Stored items:
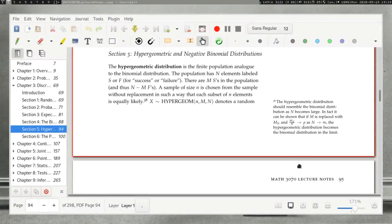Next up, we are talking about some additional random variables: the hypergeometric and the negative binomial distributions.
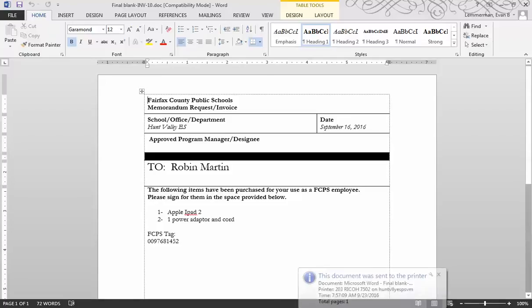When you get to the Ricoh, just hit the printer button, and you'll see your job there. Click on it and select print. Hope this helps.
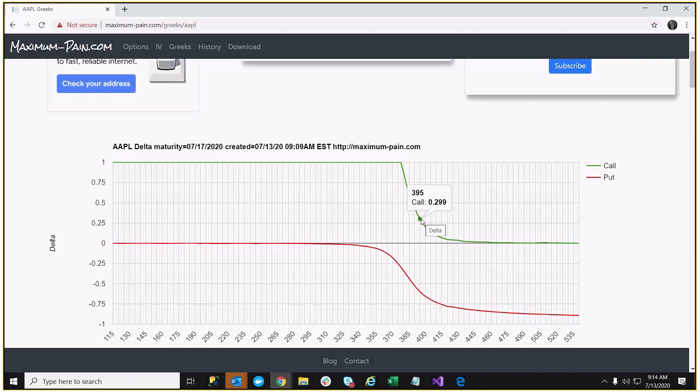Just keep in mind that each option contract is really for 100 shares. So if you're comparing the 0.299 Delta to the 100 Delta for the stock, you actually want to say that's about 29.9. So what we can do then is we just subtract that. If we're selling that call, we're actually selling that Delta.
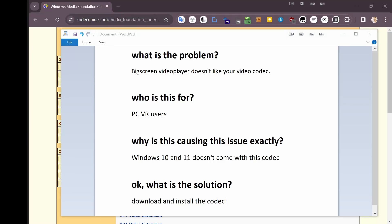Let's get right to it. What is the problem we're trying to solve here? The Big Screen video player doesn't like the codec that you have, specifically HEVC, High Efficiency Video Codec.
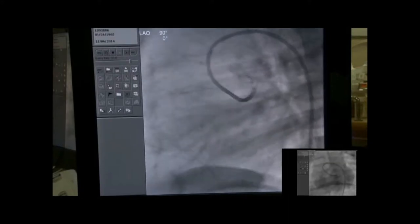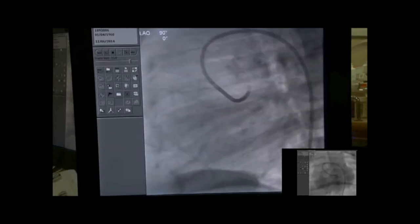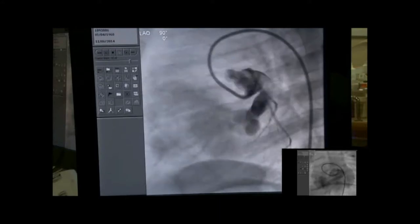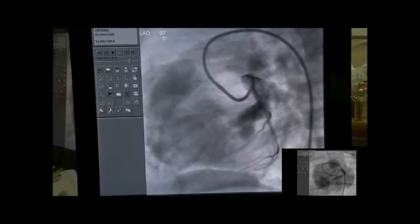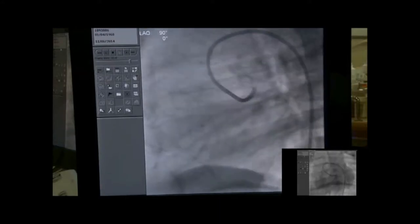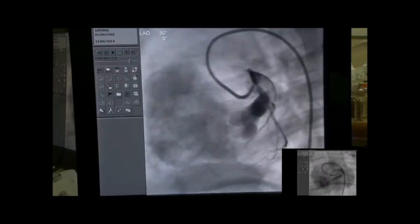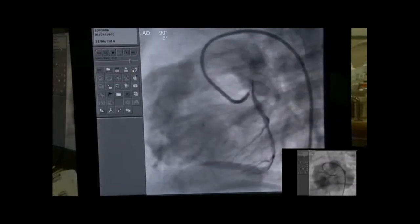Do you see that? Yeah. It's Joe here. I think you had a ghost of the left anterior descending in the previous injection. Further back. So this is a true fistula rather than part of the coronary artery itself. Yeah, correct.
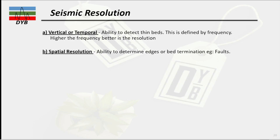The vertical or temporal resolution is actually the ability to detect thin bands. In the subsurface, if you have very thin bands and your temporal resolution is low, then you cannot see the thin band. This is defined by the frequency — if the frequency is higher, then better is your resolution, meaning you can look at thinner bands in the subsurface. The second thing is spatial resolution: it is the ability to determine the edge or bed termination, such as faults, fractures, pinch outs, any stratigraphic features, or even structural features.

> [DIRECTIONS]: Write out, word for word, the stretch of entries that begins at the line with "Let's get right" and ends at the line with "Do you see that?". Pictures do not belong in it.

> [RESPONSE AREA]:
Let's get right to it. What is the problem we're trying to solve here? The Big Screen video player doesn't like the codec that you have, specifically HEVC, High Efficiency Video Codec.
Do you see that? Yeah. It's Joe here. I think you had a ghost of the left anterior descending in the previous injection. Further back. So this is a true fistula rather than part of the coronary artery itself. Yeah, correct.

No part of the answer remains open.